━━ SOURCE DATA ━━
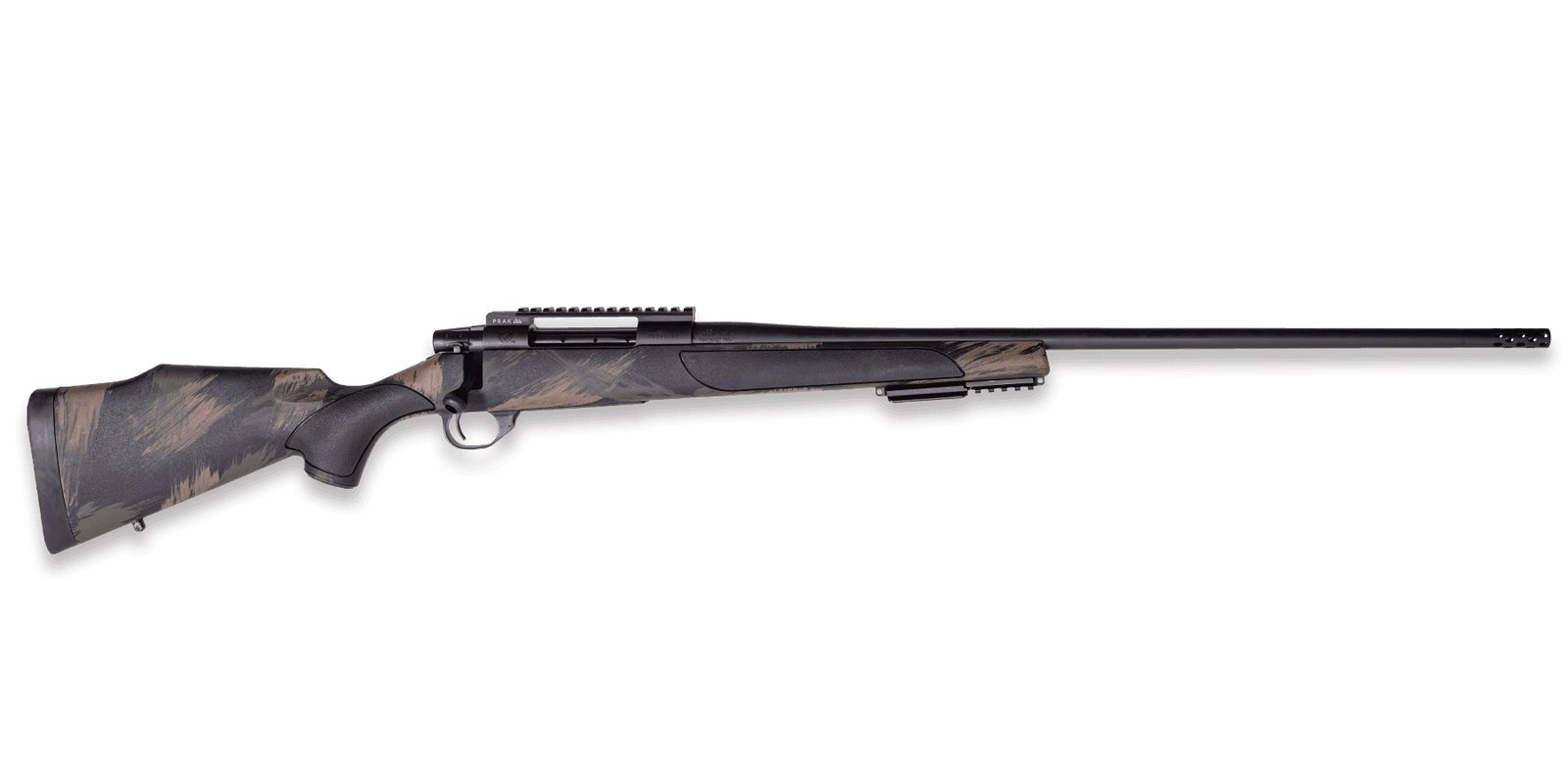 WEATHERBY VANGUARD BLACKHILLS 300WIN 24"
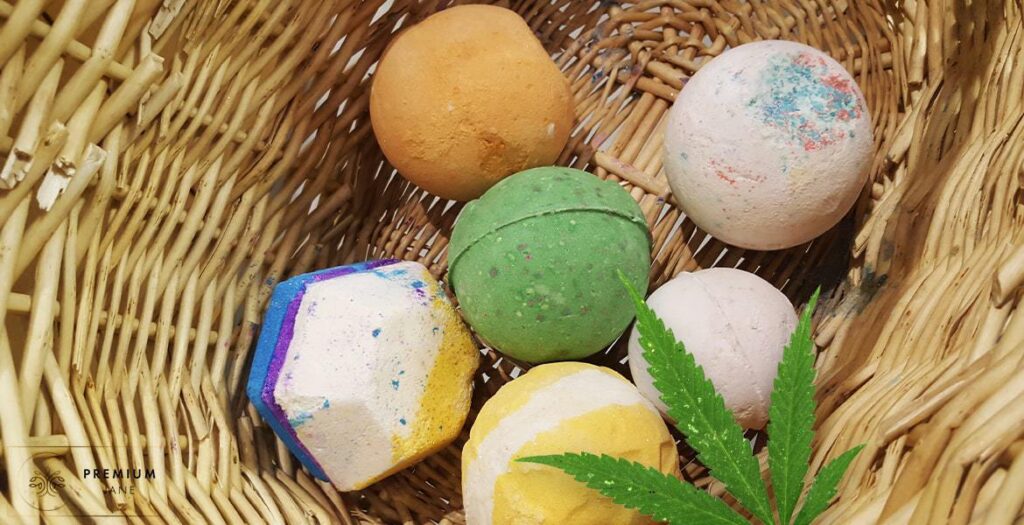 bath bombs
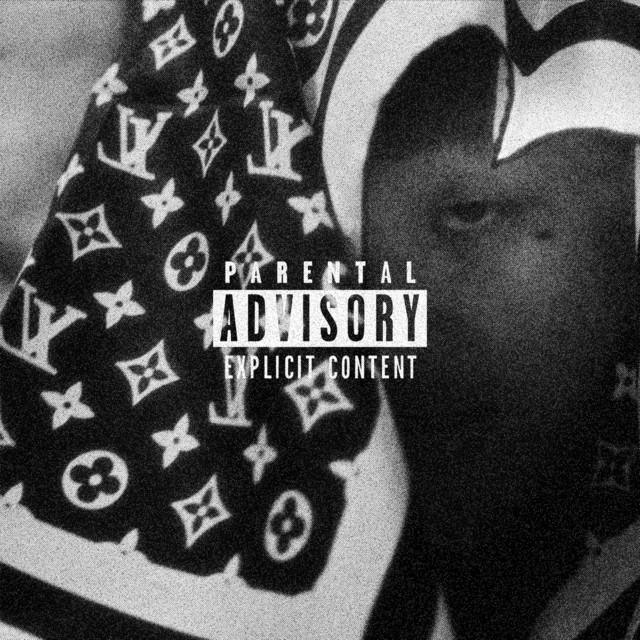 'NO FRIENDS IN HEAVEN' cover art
━━━
Output all data exactly, omitting images.

 WEATHERBY VANGUARD BLACKHILLS 300WIN 24"
 bath bombs
 'NO FRIENDS IN HEAVEN' cover art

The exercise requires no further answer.